The image on the train tells you that it's taking you
into Tora-san territory :)
Further proof, if needed, that Shibamata is proud
But it was a ferry ride celebrated in a novel and song
that was Shibamata's main attraction for me
The ride on Tokyo's sole remaining human-powered ferry
lasted only a few minutes but felt like it transported
me to an earlier, simpler and more peaceful time
Before anything else: my thanks to A Hero Never Dies for organizing a "top ten favorite Hong Kong movies" poll, inviting me to submit my list and then beautifully illustrating my selection with choice images (as well as writing very nice things about my blog). To those who are visiting by way of the link from that blog entry: welcome -- and do please feel free to look around for more Hong Kong (movie) specific entries.
However, this entry is going to focus more on some of the things I saw and did on my most recent vacation to the land which is home to my second favorite national cinema. And for those who were wondering: yes, I went and holidayed in Japan for the third time in a year! More specifically, I returned to the Tokyo area after also rendezvousing in Okinawa with two friends in January of this year.
On the afternoon of the first full day of my week-long visit, I paid a visit to the "Edo-style" neighborhood of Shibamata out in northeast Tokyo. Described by a Tokyo-based blogger as "Asakusa only without the insane crowds", it is indeed home to an impressive temple (the Shibamata Taisahakuten) and a street leading up to it that's lined with shops selling tempting bites and interesting trinkets. At the same time, the distinct impression I got is that Shibamata looms in the imagination of its (predominantly local Japanese) visitors largely because of the great Yoji Yamada's 48 film Otoko wa Tsurai yo (It's Tough Being a Man) series whose main character is a comic anti-heroic travelling salesman who calls Shibamata home.

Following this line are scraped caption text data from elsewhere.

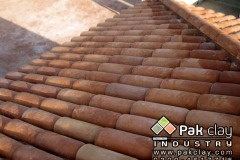16-clay-roof-tiles-house-garden-construction-and-real-estate-materials-suppliers-wholesale-projects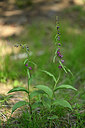 BUITEN BEELD Foto: 445552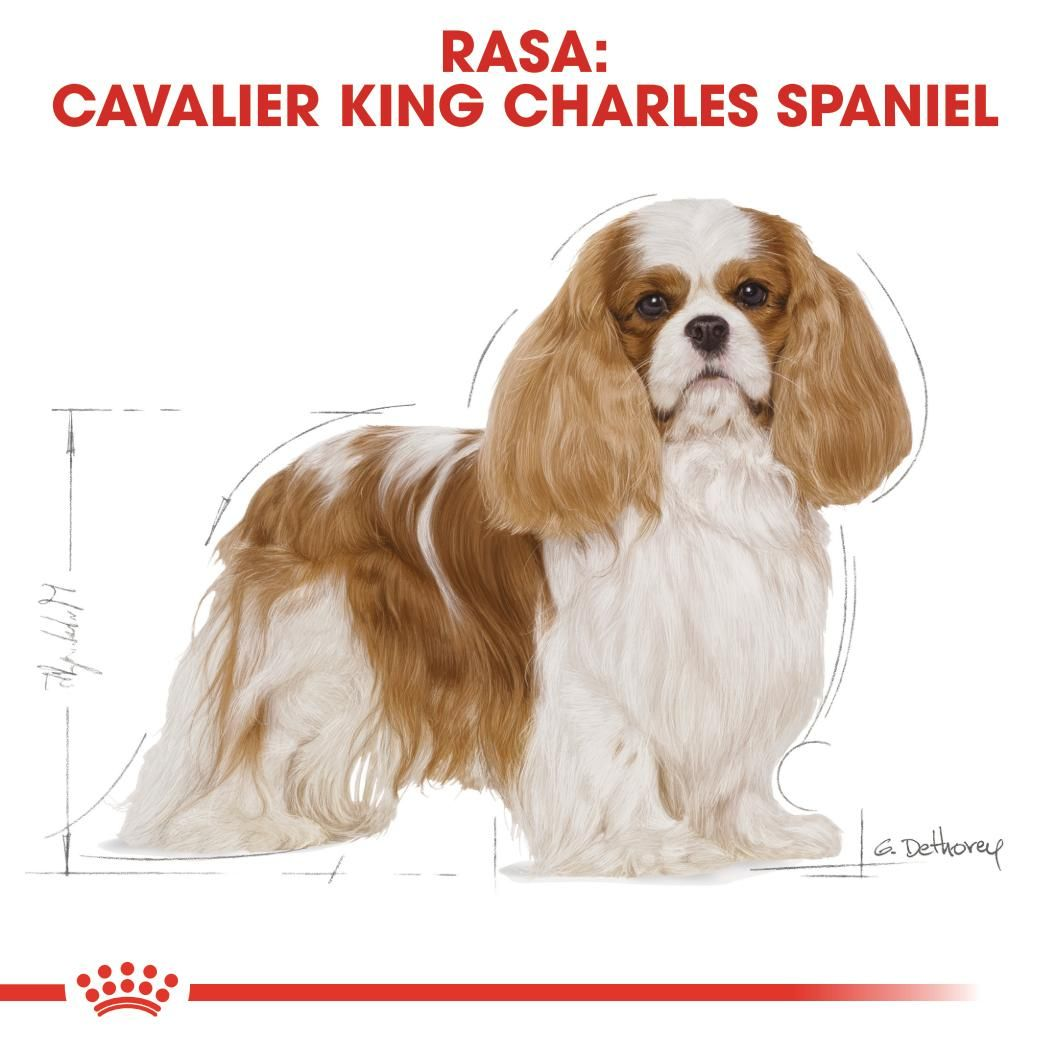 Cavalier King Charles Adult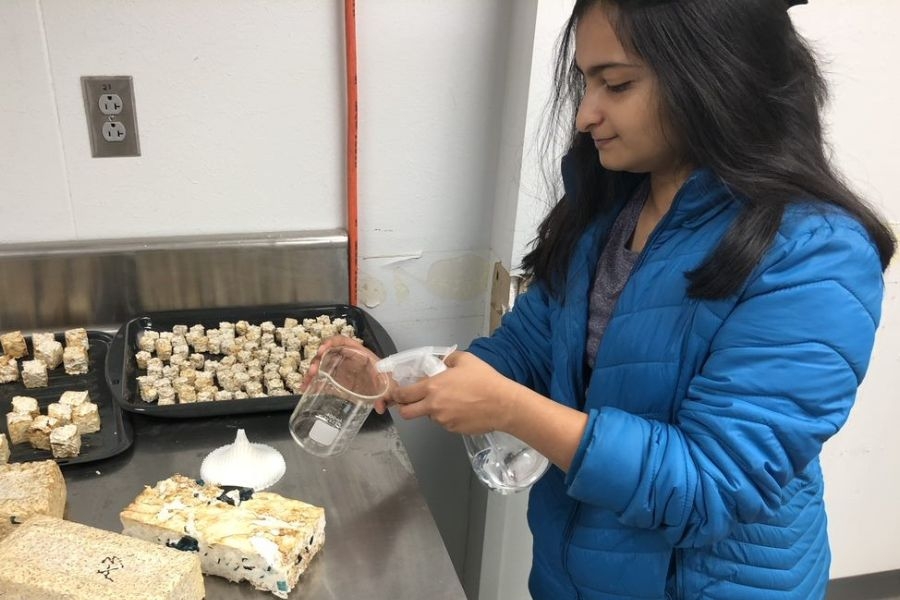 A student in a blue jacket stands in a lab examining fungus sample that will be used to research building materials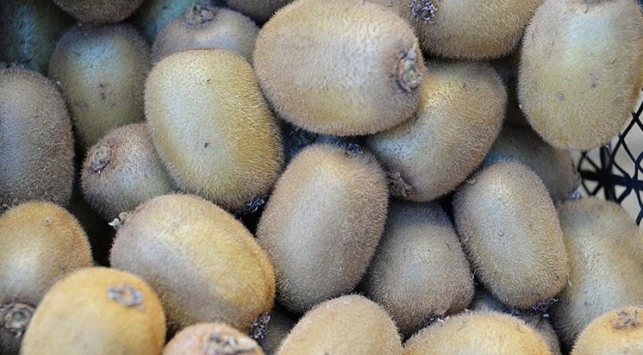 1 adet kivi 1 kilogram portakala denk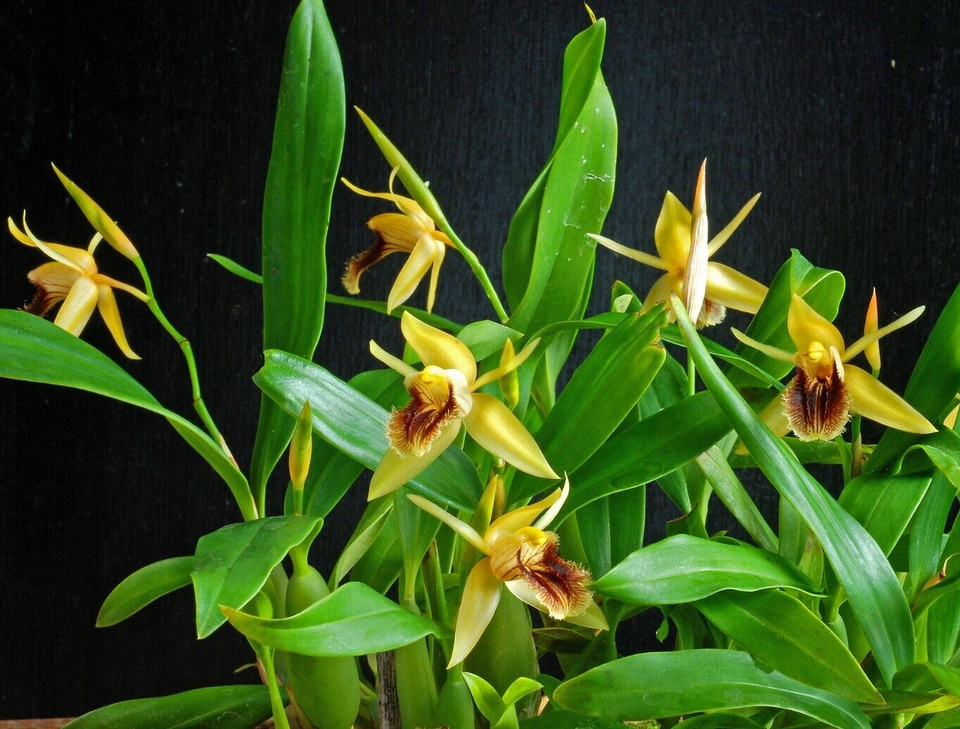 Rare Coelogyne fimbriata, the Brown Rock Orchid, mildly fragrant orchid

Although I have enjoyed the handful of Tora-san films that I've seen, I must admit to having eschewed a visit to the Tora-san Museum in Shibamata. And while I did check out the Shibamata Taishakuten (and bathed and scrubbed the statue of the protective deity in its grounds -- in the hope that doing so will help ease one's physical ailments!) and also did go look around Yamamato-tei, a private residence built during the late Taisho Era (1912-1926) that harmoniously combines Western and Japanese architectural elements, the area's main draw for me really was the Yagiri no Watashi that has been celebrated in song (and sung by Teresa Teng, among others) and also written about in a novel.
Those whose image of Tokyo is along the lines of a Blade Runner-type futuristic metropolis might find it hard to believe but there really are sections of the Japanese capital city that are on the retro, and even bucolic, side -- and yes, they are among the very sections that I find interesting and checking out. In the case of Yagiri no Watashi, what we have here is Tokyo's last remaining human-powered ferry ride -- one that first began operations close to 400 years ago and was long the primary way to get across this particular section of the Edogawa (Edo River).

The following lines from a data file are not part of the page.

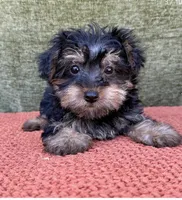 Luna, a female Yorkshire Terrier for sale in Orlando, FL – 2 of 5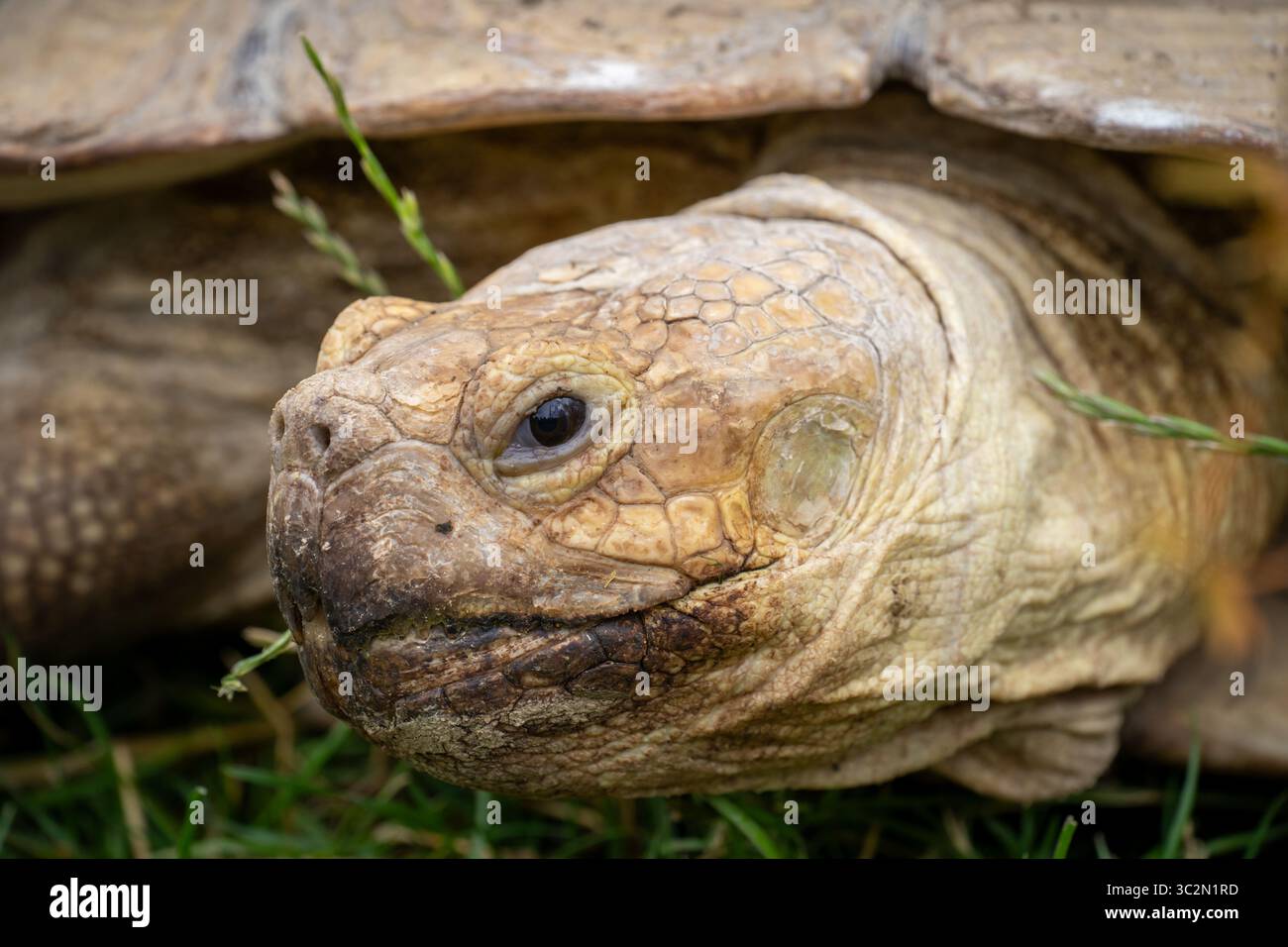 Gros plan d'une tête de tortue avec détail de texture naturelle Banque D'Images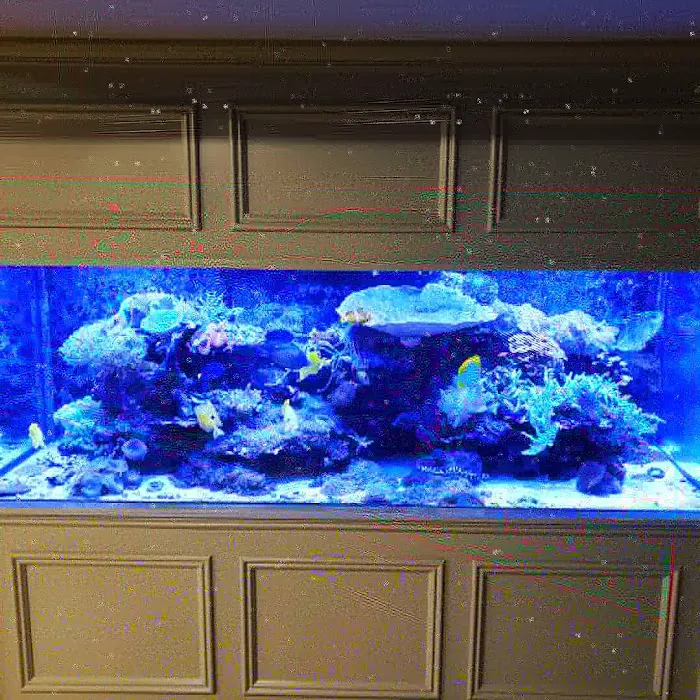 Anchor Aquarium Freshwater Fish & Maintenance Picture 10
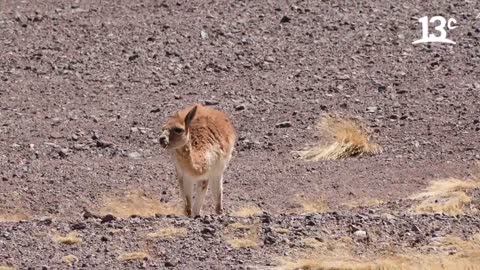 ruta5 vicuñas campofauna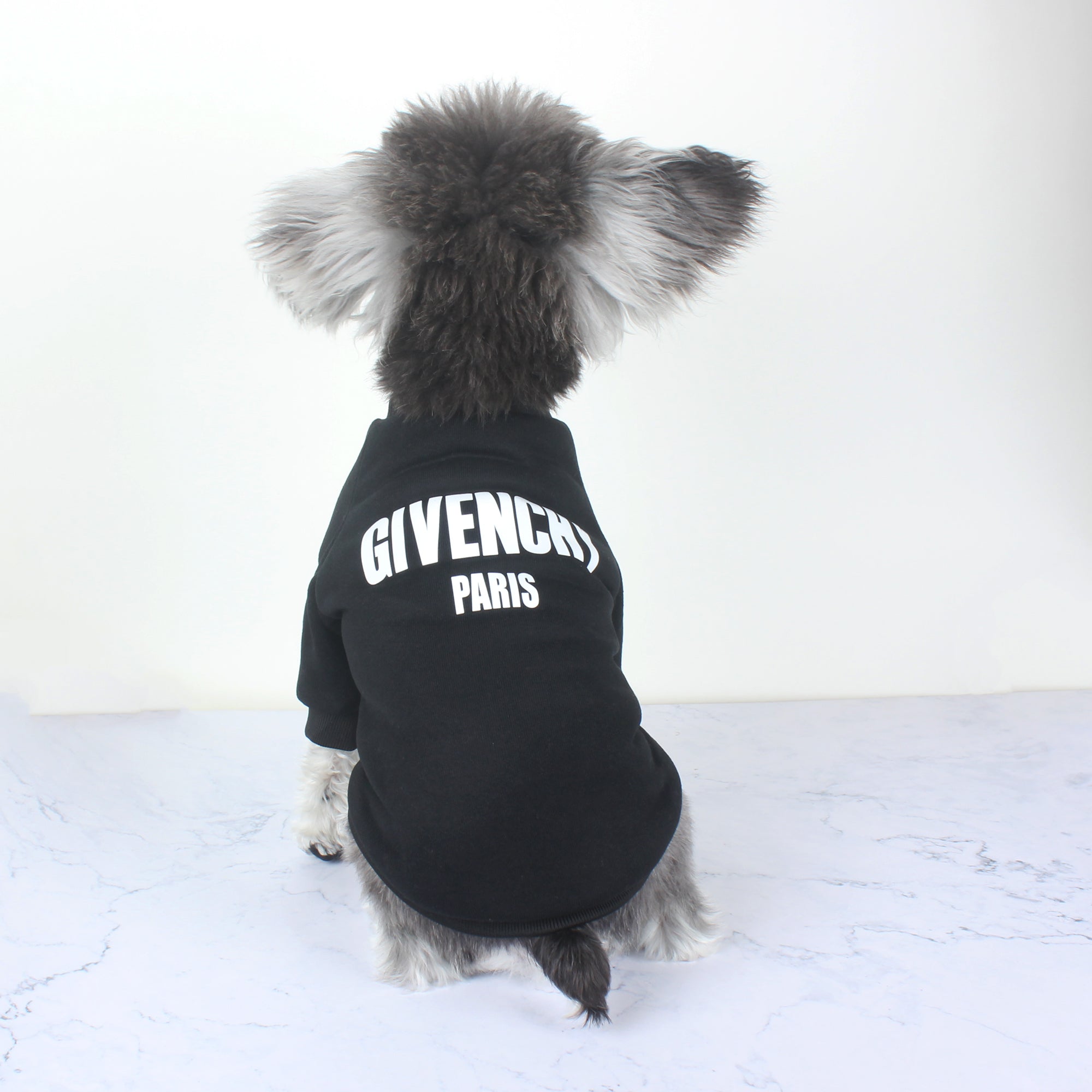 Sweat-shirt pour chien Givenchy | 2024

Granted that these days, the ferry's main riders are (domestic) tourists rather than farmers like in previous centuries. And it's also true enough that the ferry ride is on the short side. But there really is something very attractive about the experience. Maybe it's because I generally enjoy being out on a ferry boat -- be it out on Victoria Harbour, the Edogawa or elsewhere altogether. But the special touch to the Yagiri no Watashi ride was how quiet and peaceful it was -- and how during it, the imagination could so easily be free to fly and soar!